Поднимем глаза к небу: из белой пустоты летят белые хлопья, как в финале романа Эдгара По. Представим: эти хлопья – материальное воплощение взгляда умершего, взгляда с небес. Пусть Александр Мельников увидит, как гроб покачивается над черной дырой в снежном покрове. Пусть в последний раз взглянет на людей, с которыми прожил свою жизнь: вот его дочь обнимает за плечи женщину, с которой он развелся, вот его племянник обнимает за плечи мужчину, который его предал. Вот по дорожке спешит женщина, которую он когда-то любил. Говорит:
– Я опоздала.
Тушь на лице, разумеется, смазана. В такой-то снегопад. На таких похоронах.
Мореухов обнимает ее за плечи – теперь композиция завершена. Двое мужчин. Две женщины. Мужчина и женщина.
Дети и родители.
Не гляди на нас, дядя Саша: скоро ты встретишь Бога и ангелов. Это я, Александр Мореухов, пытаюсь смотреть твоими глазами. Ты верил в загробную жизнь – в семидесятые стало модно верить, вот ты и верил. Пусть она для тебя и случится, небесные ангелы, добрый Бог на снежном облаке, вечное райское блаженство. Ты много передал мне, а эту веру – не смог. Хотя я, конечно, считаю себя православным.

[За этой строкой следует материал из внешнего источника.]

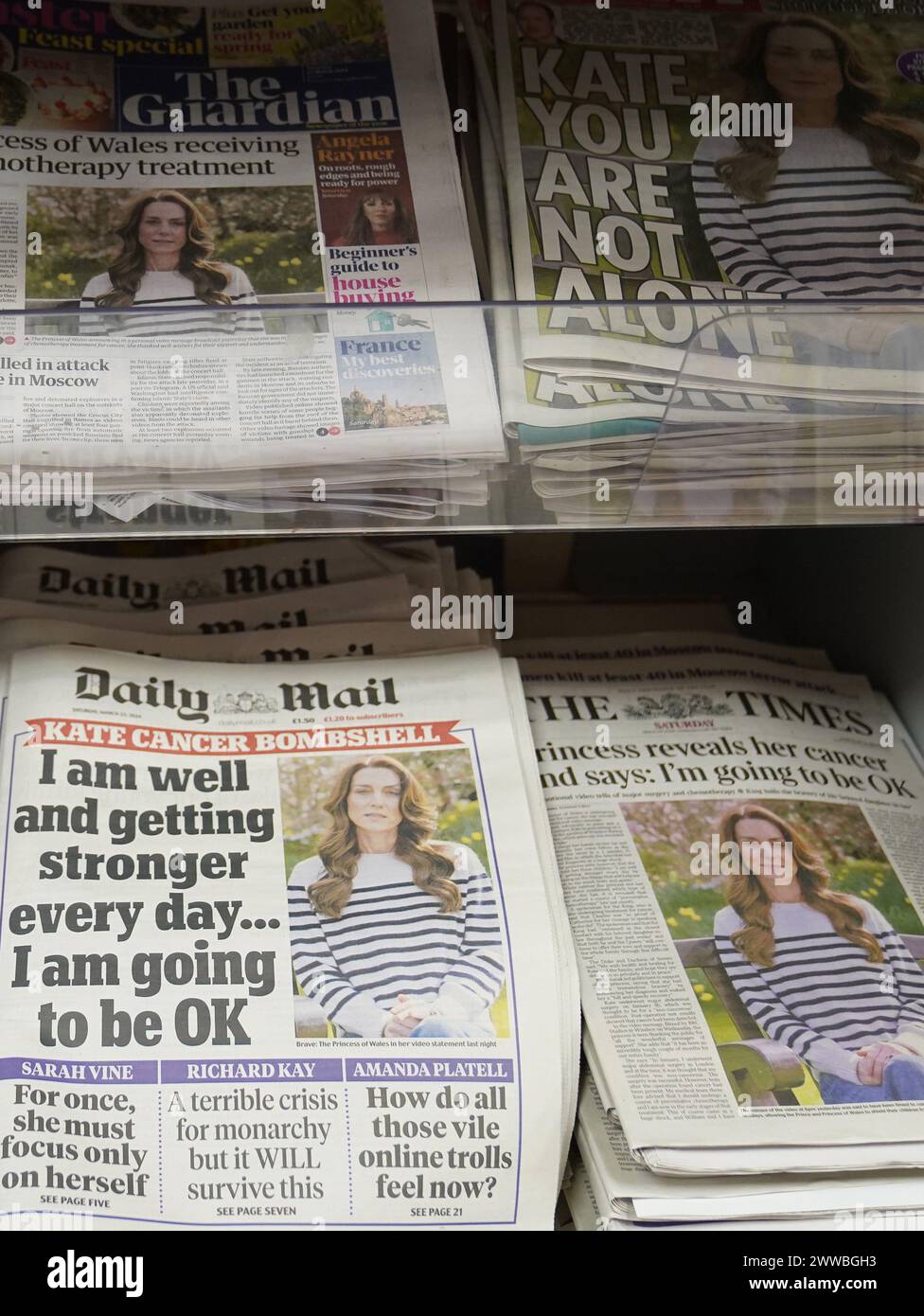Front pages of national newspapers on display at a newsagents in north London showing the news of the Princess of Wales cancer diagnosis. Picture date: Saturday March 23, 2024. Stock Photo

Я смотрю вверх, на падающий снег, представляю в его мелькании белоснежные перья ангелических крыл, но думаю: дядя Саша смотрит не с небес, а из гроба, из деревянного ящика, на последних качелях взлетающего над мерзлой черной дырой.
Для взгляда умершего крышка прозрачна. Сквозь нее видно, как снег летит вниз, как небо раскачивается в такт движениям могильщиков, спускающих гроб в яму. Он видит, как вместе с белоснежными невесомыми хлопьями в лицо летит грязь, темная, схваченная морозцем. Слышит стук, и вот уже всё черным-черно, спустилась ночь, последняя ночь, ночь мертвых мертвецов, из которой не подняться, не вырвать руку из земли приветственным жестом, салютом всех зомби мира, не пробиться сквозь крышку Умой Турман, не увидеть зимний солнечный свет.
Я представляю в гробу дядю Сашу, моего отца, могильщики заравнивают землю, мама начинает всхлипывать, цепляется за мою руку. Я никогда не спрашивал, кто мой настоящий отец. Разве это важно? Ты можешь сам выбрать себе отца – особенно если мужчина, которому ты обязан отчеством, за всю жизнь не сказал тебе ни слова.
Вот он, Василий Мельников, стоит поодаль под руку с Никитой, моим братом. Двоюродным или сводным – зависит от того, кого я выбираю в отцы.
На Никите хорошее пальто. Не знаю, как такие называются. Буржуйское пальто. Если бы я по-прежнему верил в революцию, я бы занес Никиту в расстрельные списки. Но я уже много лет не верю в революцию. Ни в красную, ни в черную, ни в оранжевую.
Иногда мне нравится представлять себе, как живет Никита. Я знаю: у него какой-то бизнес. Кого-то разводит. В смысле – домашних животных. Кажется, рыбок.
Мы уходим с кладбища, почти ничего не сказав друг другу. В самом деле, на похоронах положено выражать соболезнования близким покойного. Но кто из нас был ему близок? Моя мать, которую он любил когда-то (думаю, всю жизнь)? Жена, которая развелась с ним, когда я родился? Дочь, которую она забрала у него?